Trump hasn’t endorsed anyone in the race, but it’s still become a sort of proxy for the national dynamics within the Republican Party. There’s an ongoing push-pull between Trump’s core supporters and those more on the margins. Many moderates who previously rejected the president are now embracing him after seeing their colleagues who have criticized them — including Flake — ultimately be forced to stand down.
McCain’s seat won’t be on the ballot on Tuesday or in November. By Arizona state law, had McCain left office or died before May 30, his Senate seat would have been on the ballot in November 2018. But since it’s after May 30, Ducey will pick his replacement, who will also be a Republican, as McCain was.
That doesn’t mean McCain won’t be a factor in Arizona politics.
Ward unsuccessfully challenged McCain for his seat in 2016 and has been a fierce critic of the senator. She faced heavy criticism over the weekend when on Saturday, just hours before his death, she suggested on Facebook that his Friday announcement that he was halting medical treatment for his brain cancer was timed to hurt her campaign.
Ward in a follow-up comment wrote that she was praying for McCain as “a man who is suffering” and blamed the media for “making something out of nothing.”
The Arizona Republic rounded up the reactions to McCain’s death from other Arizona politicians running this election cycle.
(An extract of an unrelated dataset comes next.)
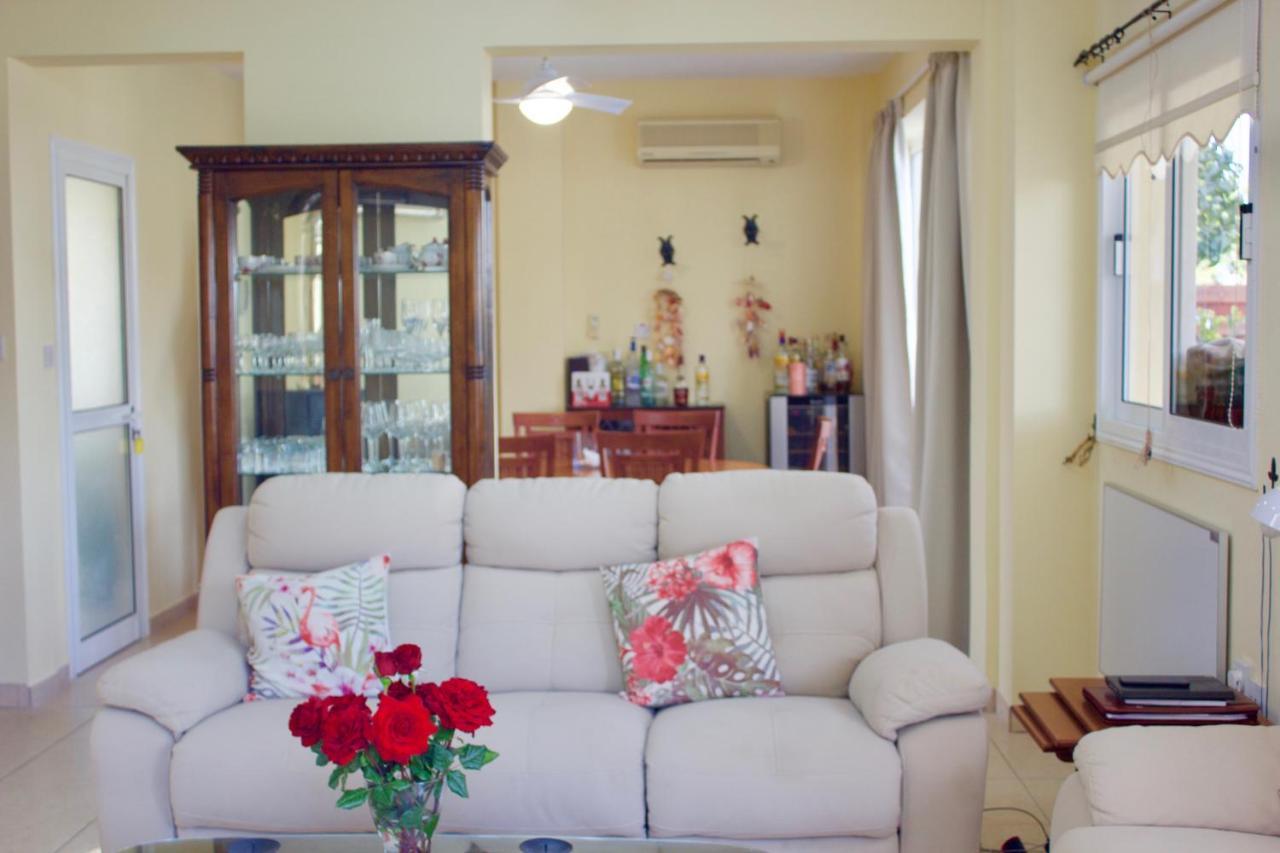 Carolyn Villa Ayia Napa Exterior foto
McSally’s operation will not campaign on Monday or schedule any events for Wednesday or Thursday, though she does have an election night event scheduled for Tuesday. Arpaio’s campaign on Friday complained that McCain’s wife, Cindy McCain, had blocked him from seeing her posts on Twitter. It later took down the complaint.
Sinema told the publication she would halt campaigning: “To honor Senator John McCain’s life of service and devotion to our country, we will step off the campaign trail and devote Wednesday and Thursday to pay our respects and give back to the state that we all love,” she said in a statement.
Ducey will stay off of the campaign trail as well.
Flake, now the senior senator from Arizona, released an op-ed honoring McCain in the Washington Post and spoke with multiple news shows on Sunday about his former colleague. “We may never see his like again, but it is his reflection of America that we need now more than ever,” he wrote in the Post op-ed.
According to the Arizona Republic, Sinema seems to have softened her attacks on her presumed November rival, McSally, while McSally has forged ahead. Sinema’s ads on health care continued to run on Sunday, as did McSally’s attack ads against Sinema. McSally accused Sinema of “denigrating our service” after the 9/11 attacks.
Ducey has said he will not name McCain’s replacement until after his burial. By Arizona state law, the governor has to choose someone from the same party as McCain — meaning a Republican — and he has already ruled himself out.
Whoever Ducey chooses will hold McCain’s seat until the next general election in 2020, and the winner of that election will serve out the rest of McCain’s six-year term, which ends in January 2023.
McCain’s death in office marks the first time in Arizona’s more than 100-year history that a governor would have to fill a Senate seat by appointment. Ducey’s office called conjecture about whom he might pick ahead of McCain’s death “ disgraceful,” but that didn’t stop the guesses as to who it might be. Given that Republicans have only a 51-seat majority after Democrat Doug Jones’s win in Alabama, every vote counts, and the GOP is paying attention.